Nach Einschätzung vieler Beobachter haben die Führer der rechten Oppositionsparteien inzwischen die Kontrolle über die Straßenkämpfer verloren. Diese werden zwar von manchen Bürgern als „Helden“ gefeiert – und die Sprecher des Oppositionsbündnisses MUD distanzieren sich nicht von der Gewalt –, doch die Kampfgruppen haben inzwischen eine eigene Agenda. Sie interessieren sich nicht für Wahlen, von denen die offizielle Opposition ununterbrochen redet. Ihr Interesse ist, so viel Chaos zu provozieren, dass dies den USA als Vorwand für eine militärische Intervention dienen kann.
Am vergangenen Sonntag zitierte die in Caracas erscheinende unabhängige Tageszeitung „Ultimas Noticias“ aus einem Bericht des Southern Command der US-Armee, wonach Pentagon und MUD eine „gemeinsame Agenda“ ausgearbeitet hätten. Ganz offen wird davon geredet, dass die Parteien ihre Mehrheit in der Nationalversammlung dazu nutzen sollten, die Arbeit der Regierung zu blockieren. Gleichzeitig sollen auf der Straße „beschränkte bewaffnete Operationen“ durchgeführt werden, um das Land zu destabilisieren.
Eine klare Mehrheit der Oppositionsanhänger spricht sich nach wie vor gegen Gewalt und gegen jede ausländische Einmischung aus. Bei alltäglichen Gesprächen in den überfüllten Bussen ist man sich quer durch alle Lager einig: „Bomben unterscheiden nicht zwischen Chavistas und Oppositionellen“.
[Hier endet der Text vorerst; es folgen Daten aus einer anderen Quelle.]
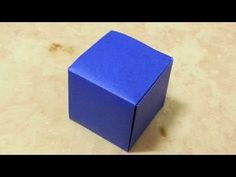 a blue box sitting on top of a table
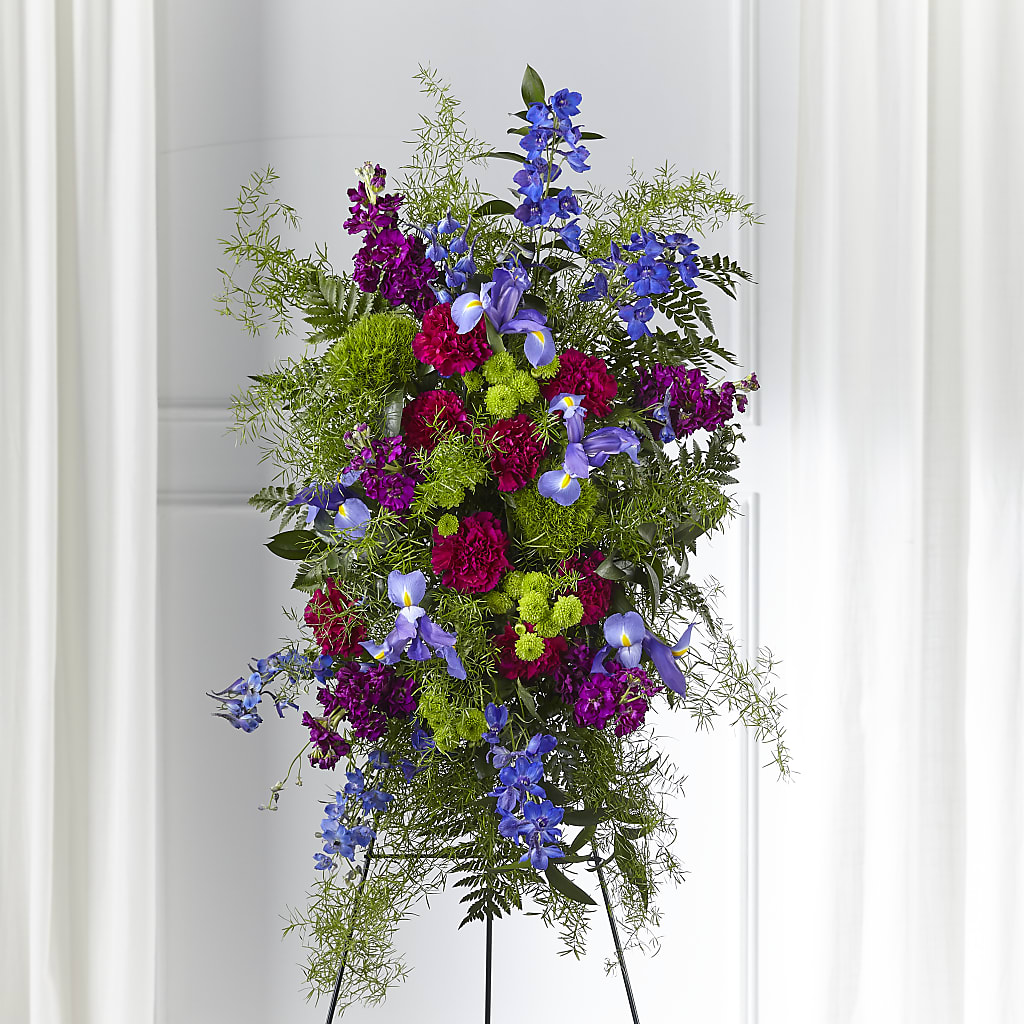 Heavenly Skies Standing Spray – Coach House Floral Inc, Canal Fulton OH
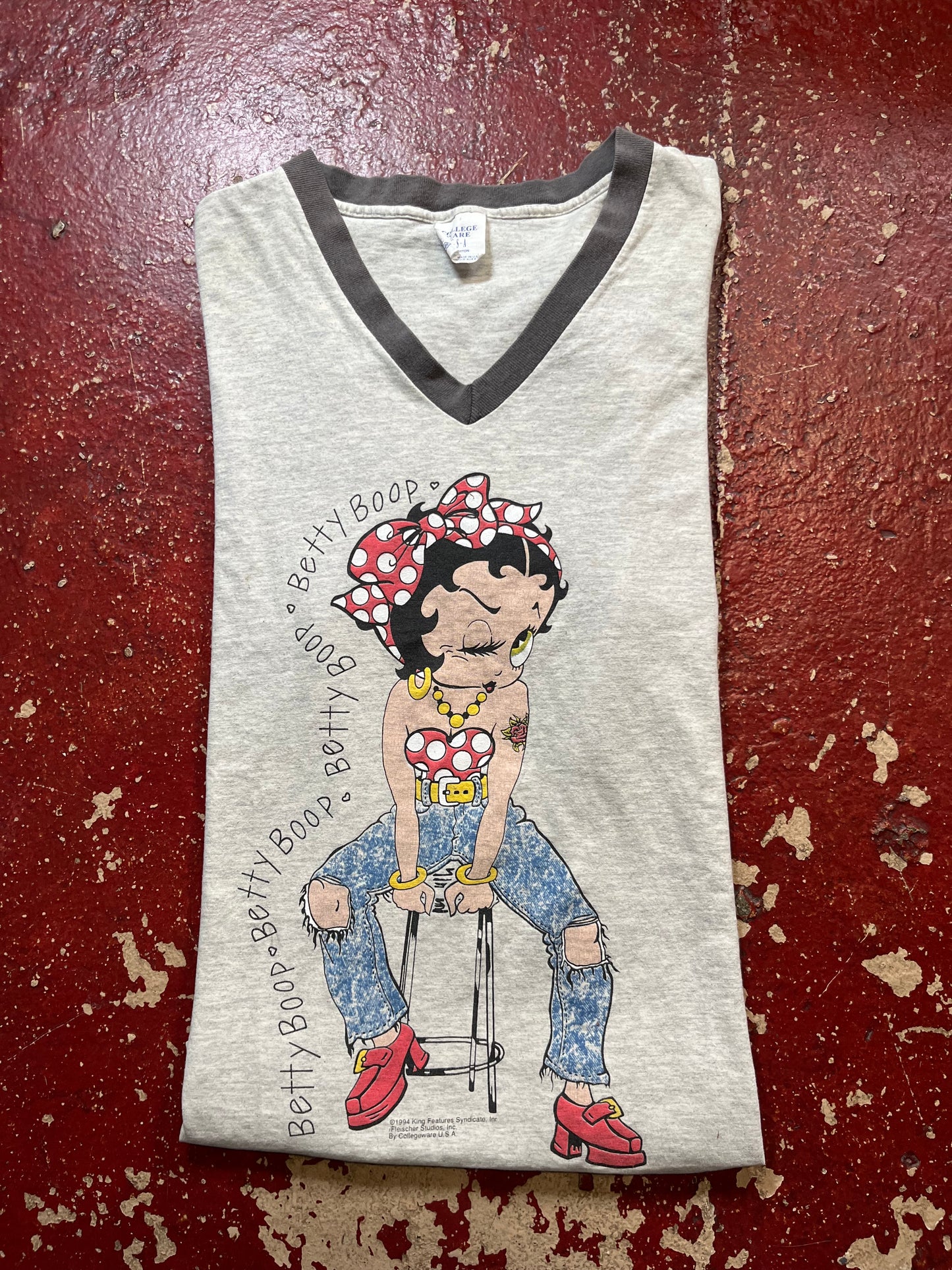 1994 Betty Boop Vee Neck Tee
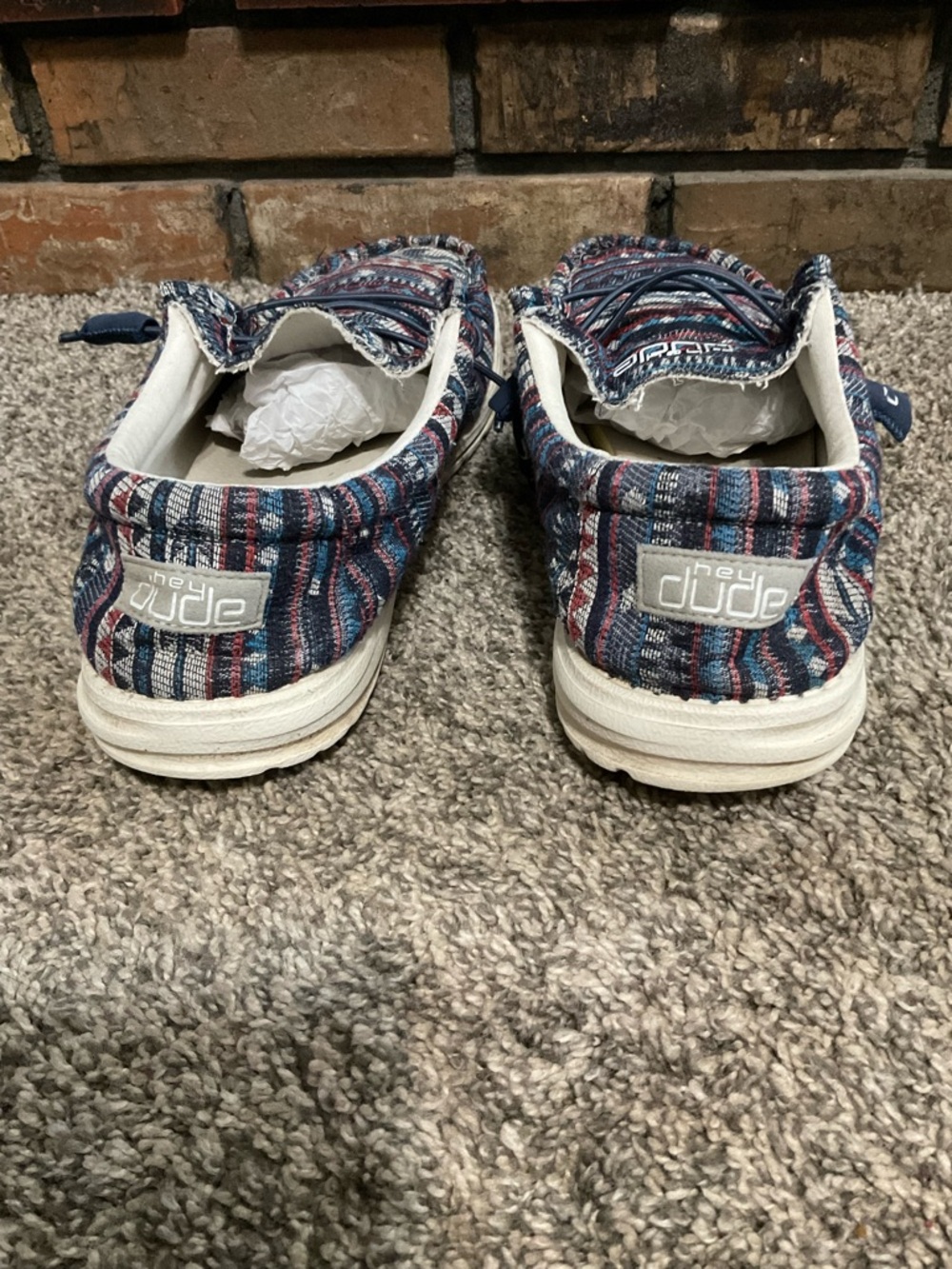 Hey Dude Men’s Wally Native- Southwestern Pattern Slip-On Loafers Size 12 - Picture 3 of 8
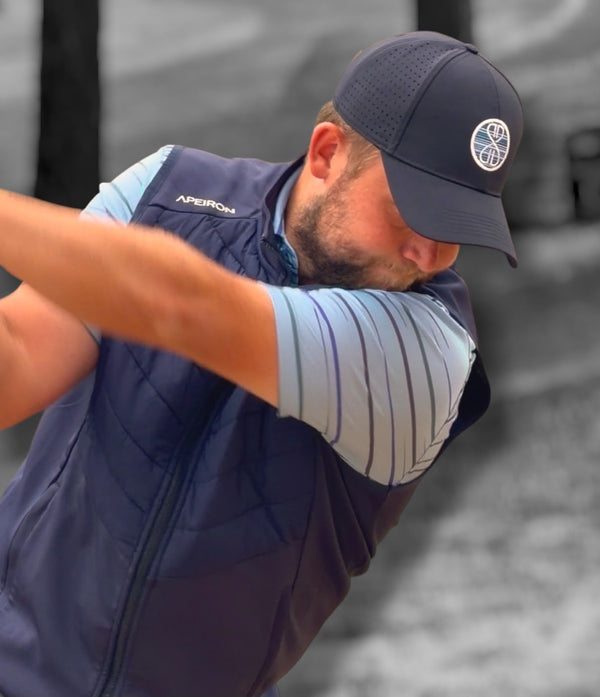 Apeiron golf polo shirts and midlayers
Wie schon in den vergangenen Jahren beschränken sich die Protestaktionen und Straßenblockaden bislang weitgehend auf die Mittelschichtsviertel im Osten der Hauptstadt. Nach der räumlichen Ausdehnung sind sie sogar weniger verbreitet als etwa 2014, als „Guarimbas“, wie die militanten Straßenblockaden in Venezuela genannt werden, monatelang das öffentliche Leben in den östlichen Vierteln von Caracas blockierten. Doch die Gewaltbereitschaft der Straßenkämpfer kennt keine Grenzen mehr. Auch Regierungsvertreter räumen inzwischen ein, dass offenkundig paramilitärisch ausgebildete und trainierte Kämpfer am Werk sind. Ihr Ziel ist ein Bürgerkrieg in Venezuela – und die internationale Macht der Medienkonzerne liefert mal wieder das Begleitkonzert dazu.